* What you have to do *
Write out, without any change, the lines in the material below that run from the line with "men taped short sleeves polo t-shirt" through the line with "Invitation Gold Pearl", both included.
--- Excerpted records Enclosed Below ---
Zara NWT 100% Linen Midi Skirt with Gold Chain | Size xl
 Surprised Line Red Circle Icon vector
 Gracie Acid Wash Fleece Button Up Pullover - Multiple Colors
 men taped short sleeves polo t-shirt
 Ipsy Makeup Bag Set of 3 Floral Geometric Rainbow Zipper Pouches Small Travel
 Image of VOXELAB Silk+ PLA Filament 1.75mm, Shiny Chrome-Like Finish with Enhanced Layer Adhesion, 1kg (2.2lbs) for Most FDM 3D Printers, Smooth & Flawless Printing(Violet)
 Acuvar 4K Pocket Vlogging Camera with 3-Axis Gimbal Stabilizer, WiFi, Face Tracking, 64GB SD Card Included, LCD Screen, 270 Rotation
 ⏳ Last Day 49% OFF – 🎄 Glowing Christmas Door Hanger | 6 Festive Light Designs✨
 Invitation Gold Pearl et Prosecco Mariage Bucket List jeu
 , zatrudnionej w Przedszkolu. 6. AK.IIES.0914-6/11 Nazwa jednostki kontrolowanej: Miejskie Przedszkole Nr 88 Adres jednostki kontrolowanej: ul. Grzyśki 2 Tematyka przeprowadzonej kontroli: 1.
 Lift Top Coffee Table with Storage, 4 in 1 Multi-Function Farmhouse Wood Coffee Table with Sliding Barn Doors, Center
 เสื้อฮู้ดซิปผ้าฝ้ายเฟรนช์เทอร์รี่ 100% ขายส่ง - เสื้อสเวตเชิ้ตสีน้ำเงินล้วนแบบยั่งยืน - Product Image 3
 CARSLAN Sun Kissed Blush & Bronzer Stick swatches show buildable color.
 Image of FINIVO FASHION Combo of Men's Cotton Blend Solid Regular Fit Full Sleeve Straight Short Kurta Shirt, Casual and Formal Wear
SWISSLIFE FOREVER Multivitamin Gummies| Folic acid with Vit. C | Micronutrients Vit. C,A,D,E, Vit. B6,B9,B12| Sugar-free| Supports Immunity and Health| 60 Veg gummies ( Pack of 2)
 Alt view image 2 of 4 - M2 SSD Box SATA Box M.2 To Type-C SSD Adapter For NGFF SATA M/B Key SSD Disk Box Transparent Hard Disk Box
--- End of Enclosed Excerpted records ---
* Task answer *
 men taped short sleeves polo t-shirt
 Ipsy Makeup Bag Set of 3 Floral Geometric Rainbow Zipper Pouches Small Travel
 Image of VOXELAB Silk+ PLA Filament 1.75mm, Shiny Chrome-Like Finish with Enhanced Layer Adhesion, 1kg (2.2lbs) for Most FDM 3D Printers, Smooth & Flawless Printing(Violet)
 Acuvar 4K Pocket Vlogging Camera with 3-Axis Gimbal Stabilizer, WiFi, Face Tracking, 64GB SD Card Included, LCD Screen, 270 Rotation
 ⏳ Last Day 49% OFF – 🎄 Glowing Christmas Door Hanger | 6 Festive Light Designs✨
 Invitation Gold Pearl et Prosecco Mariage Bucket List jeu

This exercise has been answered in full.